One of the loudest sounds one hears in the jungle is the sound that of a twig breaking under one’s foot. It usually happens at the worst possible moments. It happens to almost everyone. It’s a sound that is always followed by a look that says, “What the fuck? Are you trying to get us killed?” kind of look from the rest of the crew.
The old timers were completely used to finding the twigs that would make those sounds. They were also experts in finding the best camouflaged booby traps, too. They would even show us how to spot them by making those damn fishing line traps that would have killed the unknowing. Every time I’d go out on a walk and unintentionally step on a twig and break it, a chill runs down my back, even today.

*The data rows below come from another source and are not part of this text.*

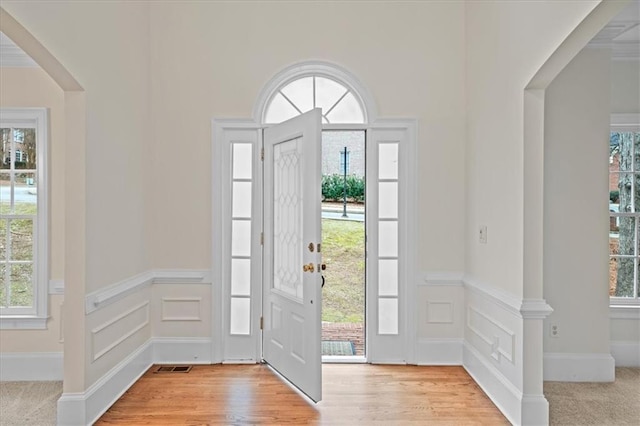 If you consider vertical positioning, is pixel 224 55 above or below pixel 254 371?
above

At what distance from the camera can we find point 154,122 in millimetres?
4004

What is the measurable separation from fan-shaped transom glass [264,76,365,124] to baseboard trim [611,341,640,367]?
3109 millimetres

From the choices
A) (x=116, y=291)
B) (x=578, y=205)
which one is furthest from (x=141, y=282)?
(x=578, y=205)

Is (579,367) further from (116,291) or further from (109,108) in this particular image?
(109,108)

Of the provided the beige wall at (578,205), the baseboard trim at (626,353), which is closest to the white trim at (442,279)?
the beige wall at (578,205)

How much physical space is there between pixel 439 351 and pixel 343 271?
428 cm

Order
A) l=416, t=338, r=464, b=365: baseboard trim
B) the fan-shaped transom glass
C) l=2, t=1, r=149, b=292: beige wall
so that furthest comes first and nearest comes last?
the fan-shaped transom glass < l=416, t=338, r=464, b=365: baseboard trim < l=2, t=1, r=149, b=292: beige wall

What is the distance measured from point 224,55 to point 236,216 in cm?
147

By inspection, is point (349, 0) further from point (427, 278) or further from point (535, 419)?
point (535, 419)

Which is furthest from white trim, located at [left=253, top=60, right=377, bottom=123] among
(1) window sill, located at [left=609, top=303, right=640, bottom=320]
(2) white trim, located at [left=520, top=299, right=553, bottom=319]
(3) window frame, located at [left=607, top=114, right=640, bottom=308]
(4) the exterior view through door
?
(4) the exterior view through door

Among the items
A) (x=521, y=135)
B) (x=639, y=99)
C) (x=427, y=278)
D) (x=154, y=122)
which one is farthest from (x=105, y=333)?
(x=639, y=99)

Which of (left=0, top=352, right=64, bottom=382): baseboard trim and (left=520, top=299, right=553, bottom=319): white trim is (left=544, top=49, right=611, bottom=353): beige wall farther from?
(left=0, top=352, right=64, bottom=382): baseboard trim

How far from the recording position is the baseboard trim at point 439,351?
3.95 m

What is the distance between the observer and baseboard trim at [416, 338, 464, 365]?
3949mm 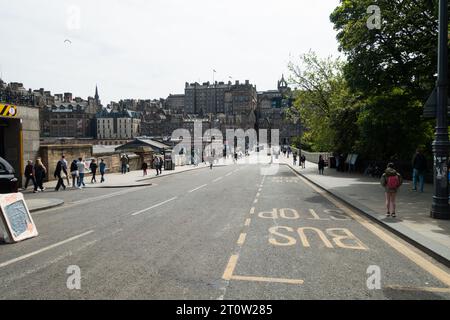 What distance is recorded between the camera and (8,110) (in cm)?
1878

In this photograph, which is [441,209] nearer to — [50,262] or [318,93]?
[50,262]

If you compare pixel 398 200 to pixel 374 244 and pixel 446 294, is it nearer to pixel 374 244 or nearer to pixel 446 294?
pixel 374 244

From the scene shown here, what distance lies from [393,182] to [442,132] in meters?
2.06

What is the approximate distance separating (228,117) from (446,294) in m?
174

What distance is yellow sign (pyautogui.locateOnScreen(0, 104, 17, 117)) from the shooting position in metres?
18.3

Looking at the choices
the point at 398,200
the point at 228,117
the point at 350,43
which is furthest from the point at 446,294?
the point at 228,117

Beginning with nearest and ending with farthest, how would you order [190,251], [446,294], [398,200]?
[446,294] → [190,251] → [398,200]

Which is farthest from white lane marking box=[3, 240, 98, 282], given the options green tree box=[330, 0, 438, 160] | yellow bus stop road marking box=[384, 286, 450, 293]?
green tree box=[330, 0, 438, 160]

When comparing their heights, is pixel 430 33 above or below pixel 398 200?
Answer: above

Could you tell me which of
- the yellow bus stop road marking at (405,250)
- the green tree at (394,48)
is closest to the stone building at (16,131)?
the yellow bus stop road marking at (405,250)

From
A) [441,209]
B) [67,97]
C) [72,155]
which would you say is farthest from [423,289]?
[67,97]

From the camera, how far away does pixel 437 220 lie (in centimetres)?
998

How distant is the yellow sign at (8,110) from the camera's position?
18305 mm

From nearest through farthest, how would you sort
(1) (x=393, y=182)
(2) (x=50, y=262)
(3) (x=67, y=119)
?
1. (2) (x=50, y=262)
2. (1) (x=393, y=182)
3. (3) (x=67, y=119) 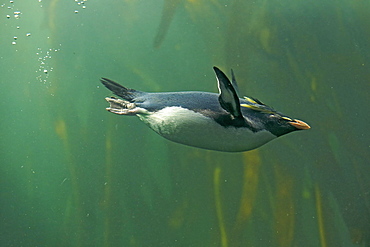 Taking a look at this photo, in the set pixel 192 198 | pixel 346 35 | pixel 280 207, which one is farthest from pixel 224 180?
pixel 346 35

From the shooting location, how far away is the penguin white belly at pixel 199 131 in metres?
1.19

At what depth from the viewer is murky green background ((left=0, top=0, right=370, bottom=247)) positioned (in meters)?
2.52

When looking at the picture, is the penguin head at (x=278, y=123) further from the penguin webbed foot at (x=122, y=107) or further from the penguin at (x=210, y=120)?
the penguin webbed foot at (x=122, y=107)

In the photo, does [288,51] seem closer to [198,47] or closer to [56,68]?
[198,47]

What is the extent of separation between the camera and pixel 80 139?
256cm

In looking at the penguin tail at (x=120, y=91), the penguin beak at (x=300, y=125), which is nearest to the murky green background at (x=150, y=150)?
the penguin tail at (x=120, y=91)

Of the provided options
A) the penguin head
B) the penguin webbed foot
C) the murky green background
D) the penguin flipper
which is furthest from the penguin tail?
the murky green background

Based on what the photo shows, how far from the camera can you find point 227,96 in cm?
111

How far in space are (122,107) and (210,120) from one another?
323 mm

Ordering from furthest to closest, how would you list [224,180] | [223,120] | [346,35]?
[346,35], [224,180], [223,120]

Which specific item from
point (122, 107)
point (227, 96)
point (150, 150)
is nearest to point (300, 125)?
point (227, 96)

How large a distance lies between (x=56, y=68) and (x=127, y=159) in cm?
79

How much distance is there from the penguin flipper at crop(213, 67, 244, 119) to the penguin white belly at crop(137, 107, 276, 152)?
0.22ft

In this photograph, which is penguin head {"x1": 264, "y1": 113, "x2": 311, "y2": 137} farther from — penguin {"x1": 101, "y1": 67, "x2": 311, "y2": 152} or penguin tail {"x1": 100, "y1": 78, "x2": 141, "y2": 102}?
penguin tail {"x1": 100, "y1": 78, "x2": 141, "y2": 102} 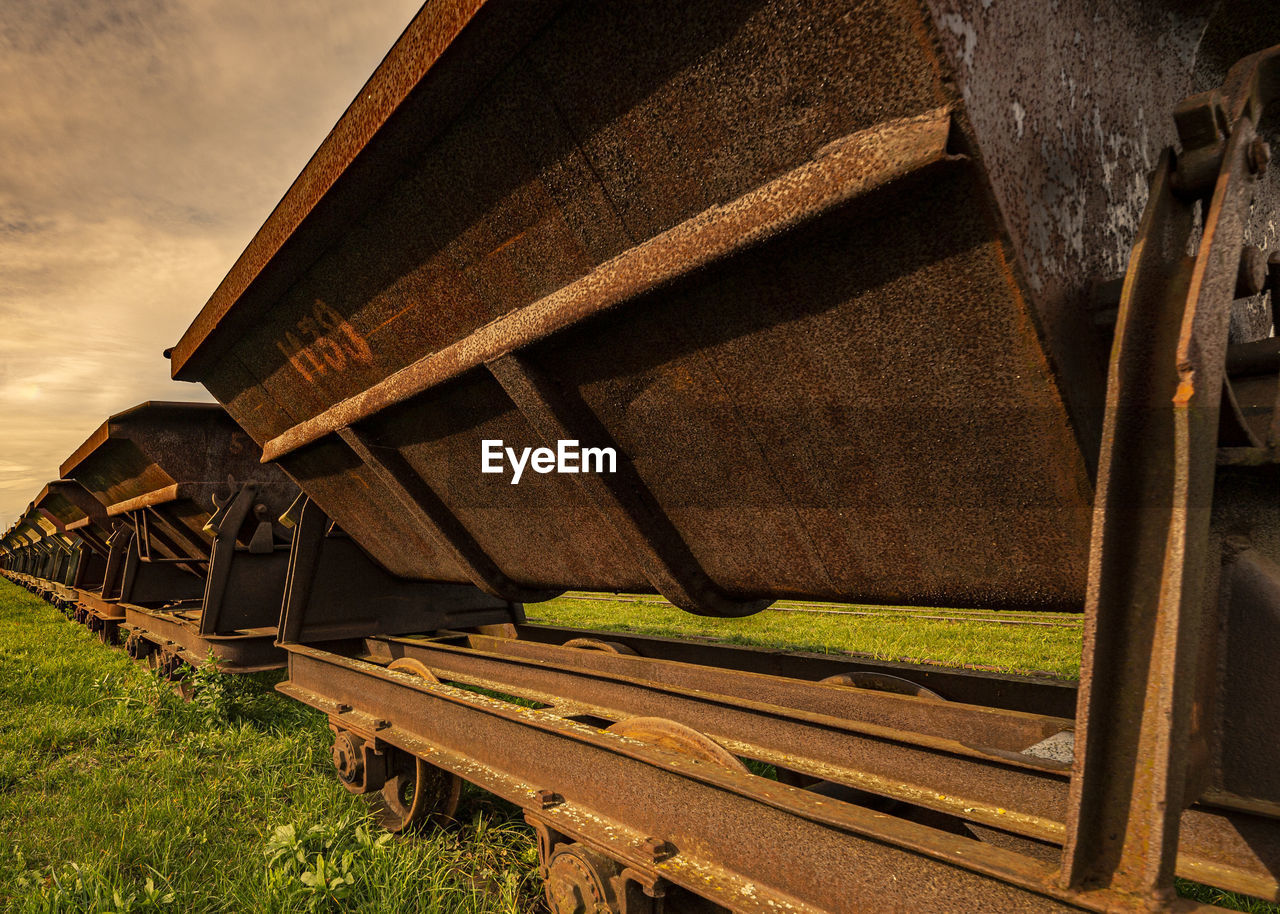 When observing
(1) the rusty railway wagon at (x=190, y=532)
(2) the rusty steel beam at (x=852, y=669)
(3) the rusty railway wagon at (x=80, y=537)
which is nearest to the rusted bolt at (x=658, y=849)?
(2) the rusty steel beam at (x=852, y=669)

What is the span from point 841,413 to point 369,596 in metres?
3.93

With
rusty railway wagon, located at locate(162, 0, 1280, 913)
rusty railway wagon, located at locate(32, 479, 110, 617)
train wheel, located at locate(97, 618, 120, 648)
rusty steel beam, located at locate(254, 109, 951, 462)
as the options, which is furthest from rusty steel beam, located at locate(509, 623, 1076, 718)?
rusty railway wagon, located at locate(32, 479, 110, 617)

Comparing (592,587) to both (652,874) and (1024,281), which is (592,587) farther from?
(1024,281)

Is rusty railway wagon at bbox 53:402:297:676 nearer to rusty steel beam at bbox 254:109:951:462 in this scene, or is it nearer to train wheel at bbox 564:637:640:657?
train wheel at bbox 564:637:640:657

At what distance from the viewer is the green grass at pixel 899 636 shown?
23.5 feet

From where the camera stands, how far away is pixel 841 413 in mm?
1831

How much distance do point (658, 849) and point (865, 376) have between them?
4.47ft

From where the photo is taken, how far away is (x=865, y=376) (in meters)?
1.74

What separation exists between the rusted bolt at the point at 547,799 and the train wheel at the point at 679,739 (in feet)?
1.06

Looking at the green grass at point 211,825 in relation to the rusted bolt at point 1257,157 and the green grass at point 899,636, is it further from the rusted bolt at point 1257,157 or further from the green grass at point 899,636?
the rusted bolt at point 1257,157

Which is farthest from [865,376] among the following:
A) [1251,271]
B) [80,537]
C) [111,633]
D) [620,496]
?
[80,537]

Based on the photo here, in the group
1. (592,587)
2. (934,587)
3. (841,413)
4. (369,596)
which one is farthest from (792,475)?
(369,596)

The worst sound that I remember is the one that will haunt me for the rest of my life. It is a sound that some would prefer over the other kinds of noises. I didn’t know that I had developed this anxiety causing phenomena until it was brought to my attention by my wife.

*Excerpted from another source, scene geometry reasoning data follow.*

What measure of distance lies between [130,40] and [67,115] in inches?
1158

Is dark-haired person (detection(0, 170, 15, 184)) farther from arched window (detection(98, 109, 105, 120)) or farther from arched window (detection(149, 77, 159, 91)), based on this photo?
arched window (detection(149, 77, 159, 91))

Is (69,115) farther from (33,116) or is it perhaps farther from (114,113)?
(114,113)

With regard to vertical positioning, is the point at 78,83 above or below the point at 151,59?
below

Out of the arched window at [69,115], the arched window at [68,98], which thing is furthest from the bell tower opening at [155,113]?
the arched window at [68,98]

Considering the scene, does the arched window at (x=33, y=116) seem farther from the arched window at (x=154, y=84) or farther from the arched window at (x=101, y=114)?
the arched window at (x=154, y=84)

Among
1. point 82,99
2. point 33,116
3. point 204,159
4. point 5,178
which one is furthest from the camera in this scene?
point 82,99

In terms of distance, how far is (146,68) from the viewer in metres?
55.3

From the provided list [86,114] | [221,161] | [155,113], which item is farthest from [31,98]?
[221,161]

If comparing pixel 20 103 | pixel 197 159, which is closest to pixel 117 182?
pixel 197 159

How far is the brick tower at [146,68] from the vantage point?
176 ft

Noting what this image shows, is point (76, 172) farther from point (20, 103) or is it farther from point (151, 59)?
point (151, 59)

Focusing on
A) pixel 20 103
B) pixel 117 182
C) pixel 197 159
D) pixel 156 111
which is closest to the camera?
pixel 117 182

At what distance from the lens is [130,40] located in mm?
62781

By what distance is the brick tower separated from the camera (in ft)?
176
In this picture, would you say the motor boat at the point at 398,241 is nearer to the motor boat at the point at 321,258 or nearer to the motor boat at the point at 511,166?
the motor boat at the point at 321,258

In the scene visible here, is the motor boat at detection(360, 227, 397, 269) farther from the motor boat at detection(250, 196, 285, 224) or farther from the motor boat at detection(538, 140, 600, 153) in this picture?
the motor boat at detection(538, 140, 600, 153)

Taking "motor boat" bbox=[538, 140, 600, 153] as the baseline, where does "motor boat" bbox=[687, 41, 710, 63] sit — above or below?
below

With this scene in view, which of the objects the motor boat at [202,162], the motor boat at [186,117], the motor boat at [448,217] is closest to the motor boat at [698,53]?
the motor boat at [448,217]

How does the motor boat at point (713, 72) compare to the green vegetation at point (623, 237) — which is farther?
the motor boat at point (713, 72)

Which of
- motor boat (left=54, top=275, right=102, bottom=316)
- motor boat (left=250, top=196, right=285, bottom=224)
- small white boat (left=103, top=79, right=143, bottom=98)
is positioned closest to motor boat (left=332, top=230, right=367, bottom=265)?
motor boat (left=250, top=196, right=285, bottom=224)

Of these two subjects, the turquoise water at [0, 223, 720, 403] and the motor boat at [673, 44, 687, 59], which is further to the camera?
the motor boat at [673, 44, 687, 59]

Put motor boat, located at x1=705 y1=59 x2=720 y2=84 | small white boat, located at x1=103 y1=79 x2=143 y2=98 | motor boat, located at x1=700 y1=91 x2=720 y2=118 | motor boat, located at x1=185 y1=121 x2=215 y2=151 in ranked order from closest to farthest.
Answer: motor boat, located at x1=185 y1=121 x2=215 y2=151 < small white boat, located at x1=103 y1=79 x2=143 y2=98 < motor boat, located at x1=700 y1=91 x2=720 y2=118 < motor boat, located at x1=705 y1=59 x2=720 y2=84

One would assume that the jungle is a very noisy place. I’ve heard that open ocean divers say that under the water is a very noisy place and I assumed that the jungle would be very similar. I couldn’t have been more wrong.
If a predator was nearby, all the animals in the near vicinity becomes silent. When we were out on a job, I expected the local animals went silent to escape detection from us, the presumptive predator.
Every so often, we’d find a suitable place to settle in to wait for the bad guys to come our way. Eventually, the birds would start to sing again and other noises would come up reassuring us that everything was ok, that nothing bad was near. Until all the noises stop.
When all the noises stop, the lack of all auditory sensation is absolutely deafening. It is so loud that it hurts your entire body. It was the sign that said something bad was out there, close.
You wanted to maintain that silence, just like the birds and whatever else that was nearby. That just made it that much harder to tolerate the deafening silence. You’d hear your heartbeat in your ear and that was pretty loud, too, but even if it exploded inside you, you kept it silent.
Only after the first shots rang out, only after your body jerked from the loud explosion from one of the weapons you realize everything went back to normal. Then all the tolerable shouting and the yelling and all the sounds of a firefight finally releases you from the grip of the deafening silence.
I can’t find the strength to keep my house totally quiet like how my wife wants it to. I have to have some sort of ambient noises coming from somewhere. My wife knows the need I have of some sort of noise in our home and I appreciate that. I do my best to return her understanding of my needs, but I know she’ll never know how difficult it is for me to tolerate silence.